Once it's out, like with an ISA, you have to support it forever, on all past, present and future HW.
That's not practical.
If future HW has new data structures, the software has to be updated and patched. So we can share the cost between IHV and devs.
I really look at this as a temporary and experimental solution / hack. On the long run we would need a standard format, converted to the HW format by driver (streaming) or compute functions to add / remove branches of BVH and geometry to the tree nodes. But then we also need a full BVH API.
Can the ray tracing units read the compressed geometry? I don't think so and the decompressed geometry would have to be stored in memory first in a ray tracing unit friendly format.
Regarding LOD, we will converge to the following conclusion, which for Nanite already holds in parts:
RT acceleration structure and compressed geometry is the same thing.
Both use a tree (likely BVH), either to find triangles spatially, or to add levels of detail. Ideally we want to use the same data structure for both, but likely we can only achieve efficient conversation from 'custom compression format' to 'RT BVH'.
(Nanite uses a BVH, but it's not build with efficient RT in mind. But this could be changed and improved. E.g. for my geometry format the BVH is build for RT as primary application, so the quality of the converted results may be better than current RT BVH generated by drivers.)

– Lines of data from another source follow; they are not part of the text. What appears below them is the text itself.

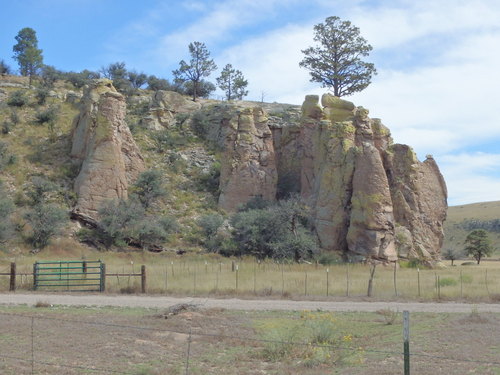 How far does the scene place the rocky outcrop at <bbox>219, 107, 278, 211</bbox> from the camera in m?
53.1

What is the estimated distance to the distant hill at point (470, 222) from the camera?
314 feet

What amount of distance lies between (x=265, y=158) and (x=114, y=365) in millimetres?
42455

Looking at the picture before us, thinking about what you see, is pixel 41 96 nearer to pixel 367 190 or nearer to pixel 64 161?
pixel 64 161

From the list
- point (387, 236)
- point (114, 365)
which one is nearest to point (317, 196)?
point (387, 236)

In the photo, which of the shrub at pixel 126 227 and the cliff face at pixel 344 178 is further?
the shrub at pixel 126 227

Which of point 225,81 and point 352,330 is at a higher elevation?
point 225,81

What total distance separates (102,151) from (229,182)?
11.8 metres

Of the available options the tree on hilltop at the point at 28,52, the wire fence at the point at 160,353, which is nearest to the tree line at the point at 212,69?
the tree on hilltop at the point at 28,52

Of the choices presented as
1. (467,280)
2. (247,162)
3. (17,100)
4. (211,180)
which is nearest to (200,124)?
(211,180)

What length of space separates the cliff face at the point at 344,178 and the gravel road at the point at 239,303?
709 inches

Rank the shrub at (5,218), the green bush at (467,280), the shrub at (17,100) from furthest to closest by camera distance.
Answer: the shrub at (17,100)
the shrub at (5,218)
the green bush at (467,280)

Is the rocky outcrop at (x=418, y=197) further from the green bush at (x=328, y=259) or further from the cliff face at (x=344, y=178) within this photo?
the green bush at (x=328, y=259)

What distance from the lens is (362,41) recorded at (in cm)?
6175

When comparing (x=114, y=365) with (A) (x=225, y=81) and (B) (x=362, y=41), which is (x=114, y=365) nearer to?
(B) (x=362, y=41) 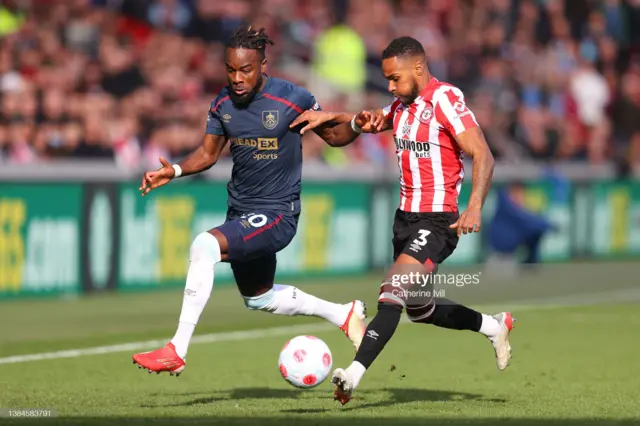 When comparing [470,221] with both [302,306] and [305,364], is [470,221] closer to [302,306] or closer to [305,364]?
[305,364]

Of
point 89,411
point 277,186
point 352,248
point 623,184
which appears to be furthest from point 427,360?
point 623,184

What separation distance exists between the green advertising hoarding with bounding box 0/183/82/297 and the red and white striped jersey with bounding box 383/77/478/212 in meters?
7.80

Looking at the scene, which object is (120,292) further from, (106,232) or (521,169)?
(521,169)

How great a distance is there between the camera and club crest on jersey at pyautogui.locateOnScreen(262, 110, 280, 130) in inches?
347

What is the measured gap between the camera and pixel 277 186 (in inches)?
351

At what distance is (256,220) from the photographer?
8.73 meters

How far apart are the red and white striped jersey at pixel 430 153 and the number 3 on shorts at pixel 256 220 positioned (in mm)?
933

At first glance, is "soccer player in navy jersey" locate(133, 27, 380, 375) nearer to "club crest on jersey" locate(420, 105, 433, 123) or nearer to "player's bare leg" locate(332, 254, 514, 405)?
"club crest on jersey" locate(420, 105, 433, 123)

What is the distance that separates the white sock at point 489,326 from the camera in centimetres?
892

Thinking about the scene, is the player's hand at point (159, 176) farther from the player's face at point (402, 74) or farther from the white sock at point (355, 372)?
the white sock at point (355, 372)

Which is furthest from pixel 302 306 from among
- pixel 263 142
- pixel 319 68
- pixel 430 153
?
pixel 319 68

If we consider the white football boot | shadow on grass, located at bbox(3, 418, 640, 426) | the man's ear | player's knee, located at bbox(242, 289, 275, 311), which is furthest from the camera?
player's knee, located at bbox(242, 289, 275, 311)

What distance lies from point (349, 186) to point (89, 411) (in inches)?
448

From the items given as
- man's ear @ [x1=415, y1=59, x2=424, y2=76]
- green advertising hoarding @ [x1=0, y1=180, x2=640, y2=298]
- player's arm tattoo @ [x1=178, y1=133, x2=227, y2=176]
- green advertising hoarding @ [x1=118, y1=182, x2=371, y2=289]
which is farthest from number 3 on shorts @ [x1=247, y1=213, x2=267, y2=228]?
green advertising hoarding @ [x1=118, y1=182, x2=371, y2=289] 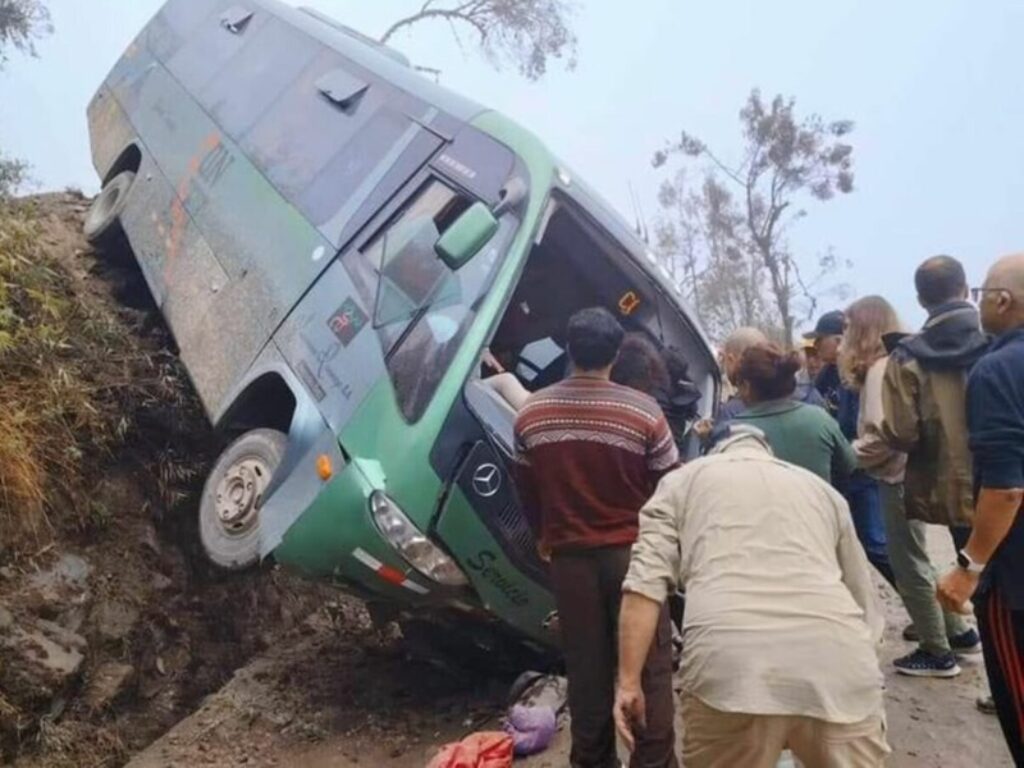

There is no better way to achieve dynamic and efficient detail which can be actually ray traced. DMM is very nice and useful, but it does not solve the harder and more important goal we have with LOD: Being able to
reduce geometric complexity dynamically and gradually to what we actually need. DMM only addresses detail amplification. But at some distance, the low poly base meshes themselves become too detailed and waste memory and performance.
Now i see two options:
An industry wide LOD standard, which works for both RT and rasterization, and data ofc. isn't balckboxed. Sounds ideal, but due to the mapping from geometry to texture space (which breaks as holes open and close), such solution is not possible without agreements on tolerable faults and limitations. And i don't think it makes sense to develop and specify such faulty and thus temporary standard. It's better to let devs work on custom solutions, seeing if at some point they might eventually converge to practices, similar and robust enough to consider making it a standard. Notice the topic is also related to difficult problems such as seamless UV maps to support displacement mapping for example. That's hard enough the games industry has not even tried to utilize this, besides some theoretical talks at GDC. It's really too early for off the shelf standards. We need flexibility first to explore the options.
The other option is to expose IHV BVH data structures as said, so those willing to accept the price can actually work on the LOD problem. With an eventual future BVH API in mind.
I'm aware not many people want do this. But if Nanite turns out successful, and not everybody wants to use UE, people just have to work on LOD to remain competitive.
And if we get to this point, suddenly the whole industry sees the problem of RT APIs not being compatible with any gradual LOD solution.
Thus, RT is indeed an 'Nanite decelerator' as you said, just in a different way: It prevents the whole industry to finally tackle the LOD problem. In a time where suddenly discrete LOD is no longer good enough.
I do understand there were good reasons to keep BVH black boxed. But sadly time has already shown the decision was wrong. And now it has to be fixed by those which made the decision, which is IHVs and API designers.
Ignoring the problem and postponing the fix will only make it harder the longer we wait, as future HW might rule out solutions which would be possible now.
So, being modest and accepting the hack of releasing BVH specs to be good enough, is all i can do from my side.
The third option i've proposed above keeps interesting as well:
Add the option to replace clusters of geometry together with a bounding box. The driver can then update the existing BVH locally without a need to rebuild it for the whole mesh.
This allows to keep the blackbox intact, but then we still build BVH instead converting it from our custom and already existing data.
It could work regardless i guess, but eliminating building costs is very tempting to make RT more affordable.